My eyes reopened and I glanced at the clock in surprise. Karl only came to visit me after work and, with his rigid schedules and neatly ordered lifestyle, it was highly atypical of him to come in the morning. I lifted my feet so that the nurse could wheel me back out of the room, hoping that if I grimaced enough she might allow me an extra dose of pain medication.
“I can’t do that, Enim. You have to speak to one of the doctors,” she said after I asked her. “It’s their call.”
She opened the door to the visitors’ room and I stood to hobble over to the table where Karl was sitting. The room was clean and bare with white walls and metal furniture that successfully made the visits with him even more uncomfortable. He looked strangely in place as he sat there in his dress shirt and straight tie, staring out the lone window on the far wall with a frown beneath tired blue eyes, though he seemed rather more nervous than usual as he tapped the ground with one square-toed oxford.
“Don't you have to work?” I said, alerting him to my presence when he failed to notice me at the table.
He shook himself as though just waking up and squinted his eyes to look at me. Though I had grown accustomed to the tired expression that he always wore whenever we were together, there was something heavier in the lines of his face as he frowned over at me, and while his hair had always been the same blond as mine, there was no denying that it had finally started to go gray.
“I took the day off.”
“Really?” As Karl was
as strict with his own schedule as he was with mine, I didn’t bother to hide the surprise in my voice. “What’s the occasion?”

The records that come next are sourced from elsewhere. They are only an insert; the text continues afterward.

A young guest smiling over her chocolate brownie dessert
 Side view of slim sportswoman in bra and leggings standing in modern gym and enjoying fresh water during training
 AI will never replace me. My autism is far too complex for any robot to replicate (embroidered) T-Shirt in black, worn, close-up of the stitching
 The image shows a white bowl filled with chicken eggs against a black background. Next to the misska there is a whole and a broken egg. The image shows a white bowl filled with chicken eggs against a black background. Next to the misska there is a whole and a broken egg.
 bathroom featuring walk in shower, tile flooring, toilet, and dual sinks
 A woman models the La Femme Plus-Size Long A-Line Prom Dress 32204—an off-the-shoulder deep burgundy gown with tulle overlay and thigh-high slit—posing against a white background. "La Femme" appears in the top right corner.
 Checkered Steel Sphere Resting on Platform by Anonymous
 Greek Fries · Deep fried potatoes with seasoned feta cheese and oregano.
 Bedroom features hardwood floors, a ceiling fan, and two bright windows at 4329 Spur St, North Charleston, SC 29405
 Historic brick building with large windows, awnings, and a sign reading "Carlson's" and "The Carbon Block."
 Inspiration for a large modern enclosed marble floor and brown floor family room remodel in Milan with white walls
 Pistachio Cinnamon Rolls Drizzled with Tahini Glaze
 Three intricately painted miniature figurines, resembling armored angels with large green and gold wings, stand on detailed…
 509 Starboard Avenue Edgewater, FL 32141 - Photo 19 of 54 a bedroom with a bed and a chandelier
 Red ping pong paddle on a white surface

He shifted uncomfortably across from me and tugged at his collar. There was no need for him to wear the suit if his only plan for the day was to visit me, and I ran my eyes over the blue silk tie that was familiar for an unknown reason. It looked rather like the beach sky on a cold, rainy morning.
“It’s ...” He smoothed the front of his shirt down though it was perfectly pressed. “It’s the fourteenth.”
“Oh. Right.” My tongue grew heavier as I tried to keep the surprise from my voice. “Mom’s birthday.”
We sat in silence for a long moment, both of us looking off opposite sides of the too-small table to avoid facing one another. The air in the room suddenly seemed cooler despite the summer heat outside, and for the first time since entering the facility I wished to be back in the standard blue sweater that I had worn without tiring for years instead of the short-sleeved cotton shirt that didn’t keep the chill away.
“It’s alright that you forgot,” Karl said after a moment.
“Right. It’s not like I should’ve gotten her a present.”
He gave me a cold look at the less-than-humorous poke at her death, and I stared at my fiddling hands rather than admitting my fault. My chest had tightened at the thought of her locked beneath the ground in a dark, damp box, and it occurred to me that I didn’t even know where she had been buried. For all that I knew, she wasn't even hidden beneath the neatly mowed grass of some distant cemetery, and her unexplained absence seemed to push me further back from the world onto some ledge overlooking nothingness.
“She'd be forty today,” Karl said.
“Right. Would have been – except she jumped off a bridge.”
Karl looked at me closely for a moment before breaking his gaze.
“Anyway, I brought you some mail,” he said, sliding an envelope across the table. “It would have been here sooner, but it was forwarded from your – our – old residence.”